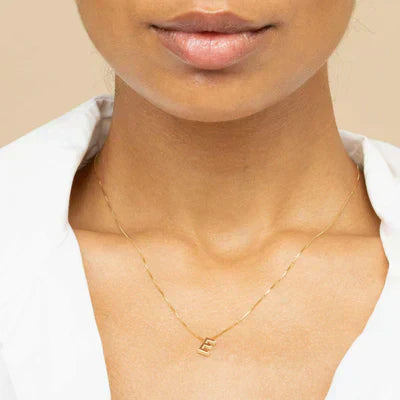 Liebesbrief Initialen Halskette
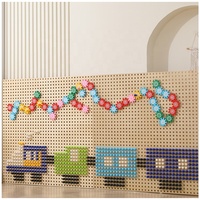Jeu mural interactif Montessori en bois avec piquets, panneau mural d'activités sensorielles, jeux éducatifs pour aire de jeux intérieure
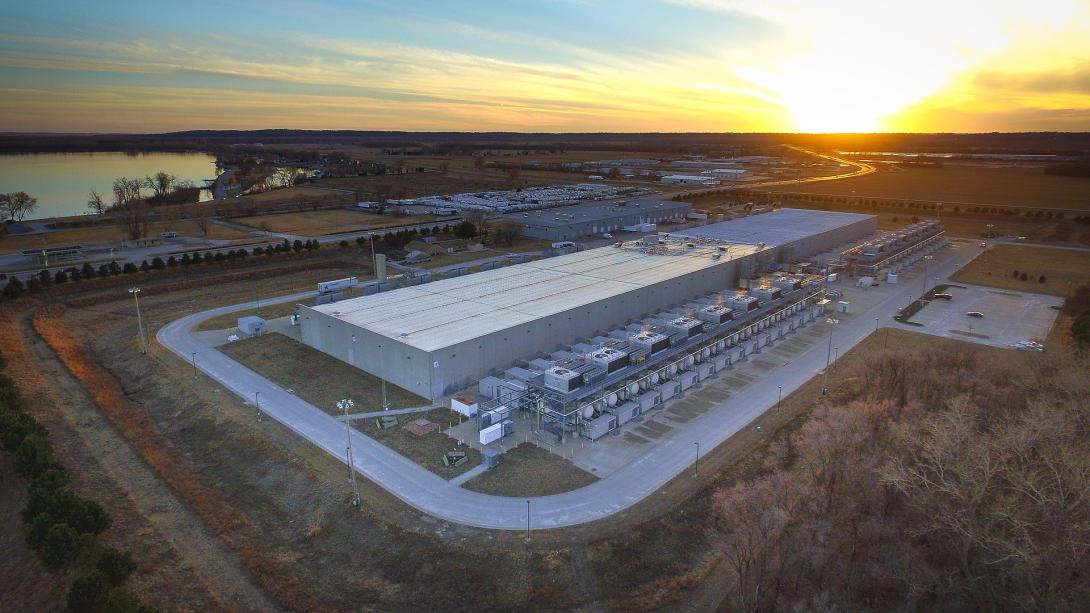 Google data center EUA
--
_Your goal_:
Copy out the lines above in full and unaltered, apart from the pictures.

_Exercise output_:
 Liebesbrief Initialen Halskette
Jeu mural interactif Montessori en bois avec piquets, panneau mural d'activités sensorielles, jeux éducatifs pour aire de jeux intérieure
 Google data center EUA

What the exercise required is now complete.